Und wie sieht es bei uns aus? Der starke Euro hat massiv preisdämpfende Effekte. Er wirkt wie eine Zinserhöhung. Die Pressekonferenz von Herrn Trichet am Donnerstag enthielt keine Andeutung, dass demnächst die Zinsen gesenkt werden könnten, trotz der etwas eingetrübten Wachstumsaussichten. Der Euro dürfte daher fest bleiben. Das hat den Nebeneffekt, dass die Arbeitnehmer kaum eine Chance haben, die Einkommensverteilung wieder einmal zu ihren Gunsten zu verändern. Die Stundenlöhne steigen laut EZB zur Zeit mit einer Rate von 2 1/2 Prozent (ggVj), also deutlich langsamer als die Preise, die zur Zeit um 3,2 Prozent über ihrem Vorjahresniveau liegen. Sie wirken damit ebenfalls preisdämpfend. Und wie hoch sind die Lohnsteigerungen in Deutschland? Im Anhang des jüngsten Monatsberichts der Bundesbank findet sich auf Seite 67 eine Tabelle, nach der die gesamtwirtschaftlichen tariflichen Stundenlöhne im Dezember nur um 1,5 Prozent höher waren als ein Jahr zuvor. Keine Inflation ohne Lohninflation! Deflation ist das passendere Wort für die Situation in Deutschland.

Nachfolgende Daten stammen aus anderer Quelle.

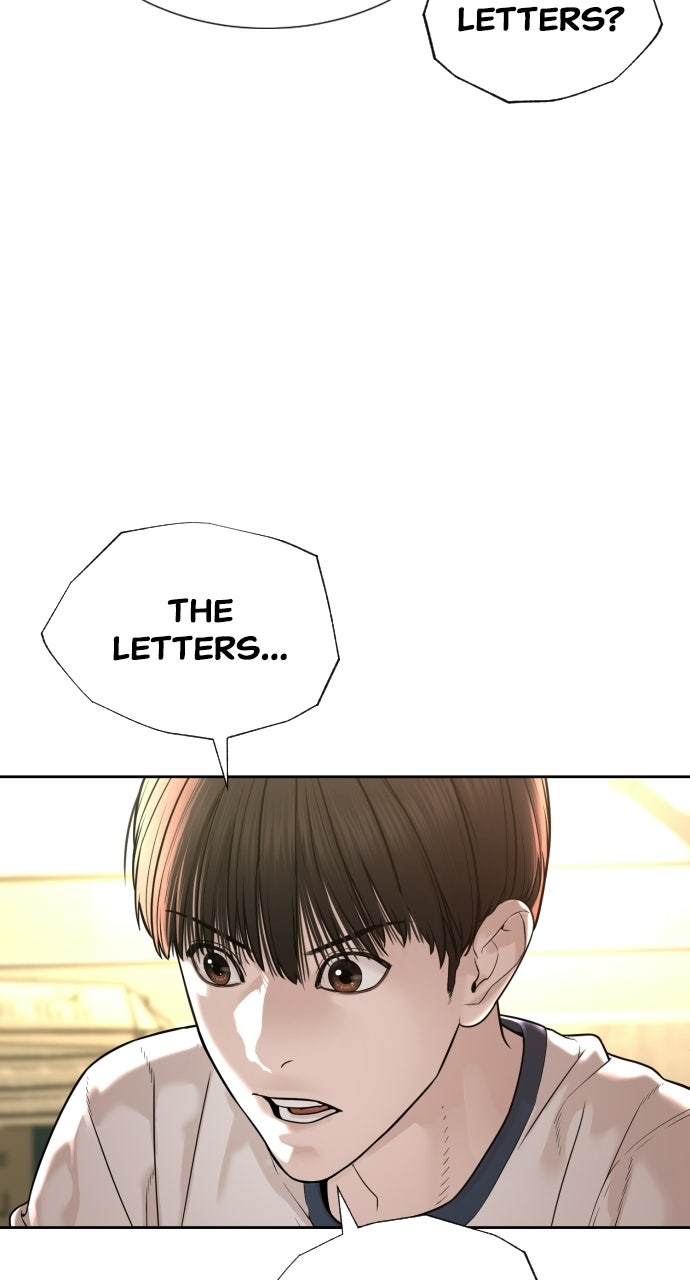 The Killer Attorney Ep. 2 - Who Pulls Off Disguises This Well? page 120 -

Die EZB erwartet in diesem Jahr beim realen Inlandsprodukt eine Zuwachsrate von 1,7 Prozent, was angesichts des sogenannten Potenzialwachstums von 2 1/4 Prozent nichts anderes bedeutet, als dass die Kapazitätsauslastung wieder zurückgeht. Zwar ist ein Notenbankzins von 4 Prozent neutral, aber nur in dem Sinne, dass eine Normalauslastung der Kapazitäten vorliegt. Das ist aber immer weniger der Fall. Im vierten Quartal stieg das reale BIP von Euroland beispielsweise nur noch mit einer Jahresrate von 1,5 Prozent. Die Geldpolitik ist also restriktiv, und sie wird ständig restriktiver.

Stagflation ist keine echte Gefahr und als Begriff völlig unpassend für das, was sich im Euroland tatsächlich abspielt.